=== Section Start ===

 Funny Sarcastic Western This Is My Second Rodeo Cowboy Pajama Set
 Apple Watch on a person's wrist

=== Section End ===
=== Section Start ===

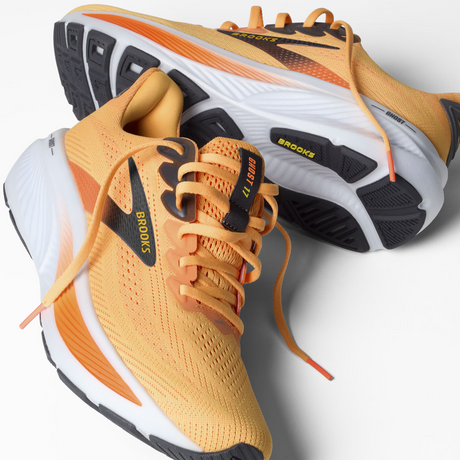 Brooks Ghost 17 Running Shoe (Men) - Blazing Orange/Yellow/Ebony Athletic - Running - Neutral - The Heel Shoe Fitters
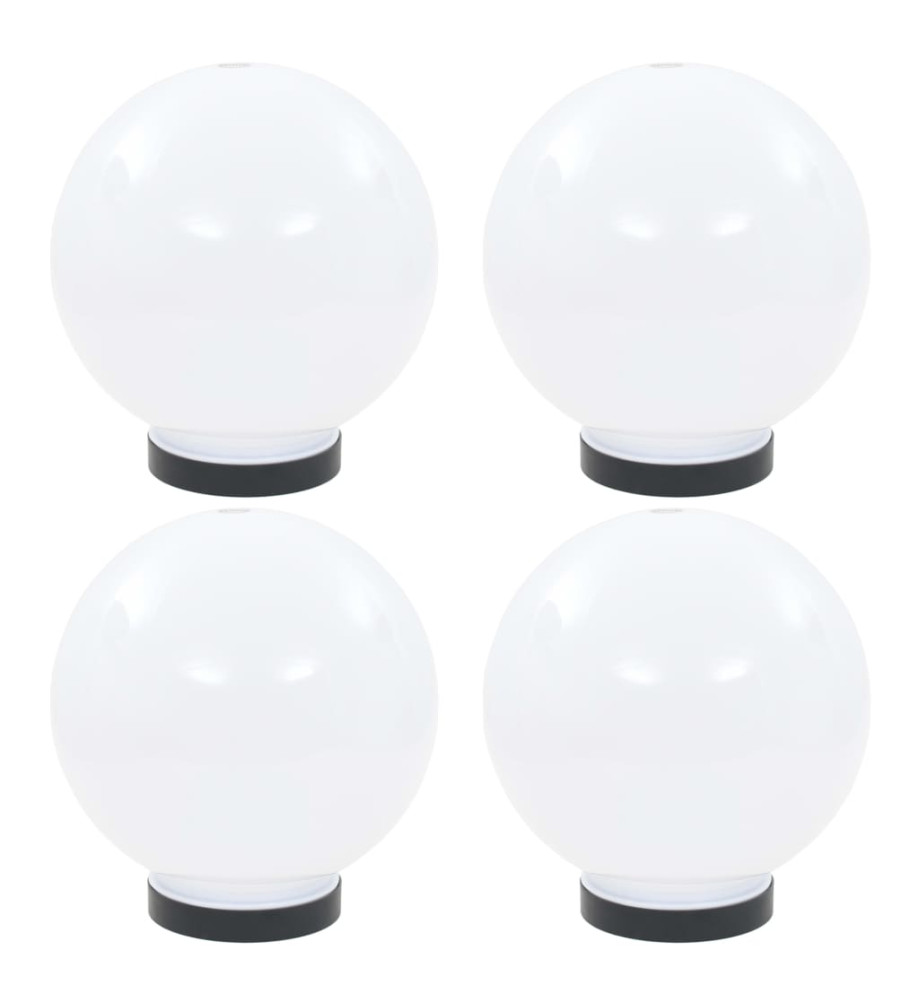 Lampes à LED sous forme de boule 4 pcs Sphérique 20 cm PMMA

=== Section End ===

(YOUR INSTRUCTIONS): Go to the line above that has "Brooks Ghost 17" and copy exactly from there down to the line that has "Lampes à LED", both included. Leave the pictures out.

(WRITTEN ANSWER):
 Brooks Ghost 17 Running Shoe (Men) - Blazing Orange/Yellow/Ebony Athletic - Running - Neutral - The Heel Shoe Fitters
 Lampes à LED sous forme de boule 4 pcs Sphérique 20 cm PMMA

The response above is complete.